“Kraaakkk…!” Meja kaca di ruang tamu itu pecah, kaki Ima dan Lila berdarah-darah. Tetangga kami tidak marah, mereka justru mengantar Mama membawa dua adikku ke rumah sakit terdekat.
“Mbak Hanna janji, nggak akan membiarkan kucing melukai kalian lagi,” kataku, sambil menunggui Ima dan Lila dirawat kakinya oleh dokter. Sejak kejadian itu, sebagai anak sulung, aku selalu berhati-hati. Walaupun aku suka kucing dan pernah ingin memelihara satu ekor di rumah, namun aku mengalah. Aku tidak mau dua adikku terluka lagi gara-gara kucing.
Di sebuah pagi, saat menunggu Papa mengeluarkan mobil dari garasi untuk mengantar kami ke sekolah, aku melihat seekor bayi kucing berbulu hitam tertidur di depan pagar rumah. Ia terlindung oleh perdu mawar yang ditanam Mama untuk menghiasi pagar depan. Tubuhnya yang mungil tampak kedinginan. Diam-diam, aku keluarkan sedikit kue dari kotak makan siang, pelan-pelan kutaruh di samping si kucing hitam.
“Hanna. Ayo! Nanti kesiangan,” suara Papa bernada tinggi. Si hitam mungil jadi terbangun.

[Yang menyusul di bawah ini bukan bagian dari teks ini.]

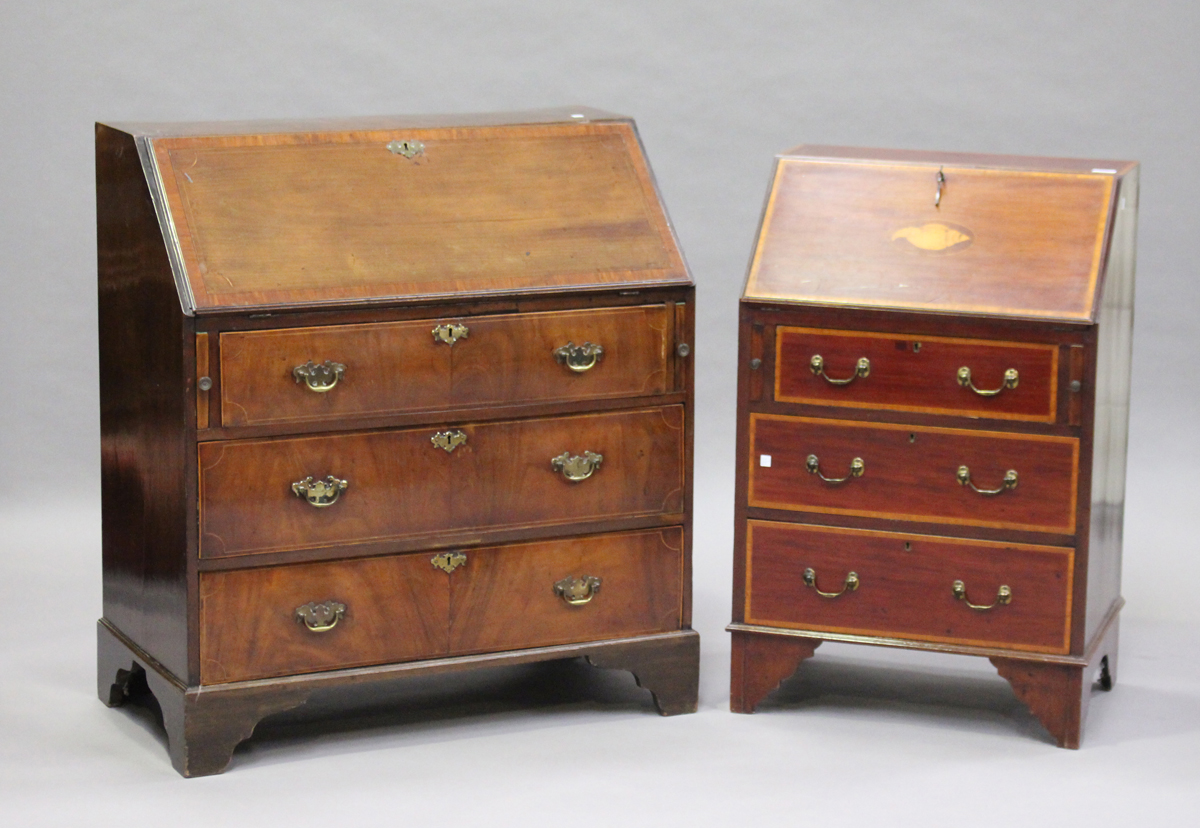 An Edwardian mahogany bureau, crossbanded in satinwood and with shell patera inlay, the fall flap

Dengan susah payah ia mencoba bangkit, namun tak jadi berlari ketika dilihatnya ada sepotong roti di dekatnya. Matanya bergantian memandangiku dan roti itu. Kemudian potongan roti itu dijilatinya.
“Mbak Hannaaa…!” Dari dalam mobil Ima berteriak. “Mbak Hanna kok ngasih makan kucing, sih? Ntar dia jadi sering dateng ke rumah,” protes Ima.
“Iya, tuh, Pa….” Si bungsu Lila cemberut, mengadu ke Papa.
“Tidak apa-apa. Kalau pintu selalu ditutup, kucing tidak akan bisa masuk ke rumah. Mbak Hanna pasti juga akan menjaga kalian. Selalu begitu, kan? Tidak apa-apa.” Dengan suaranya yang merdu Papa menenangkan adik-adikku.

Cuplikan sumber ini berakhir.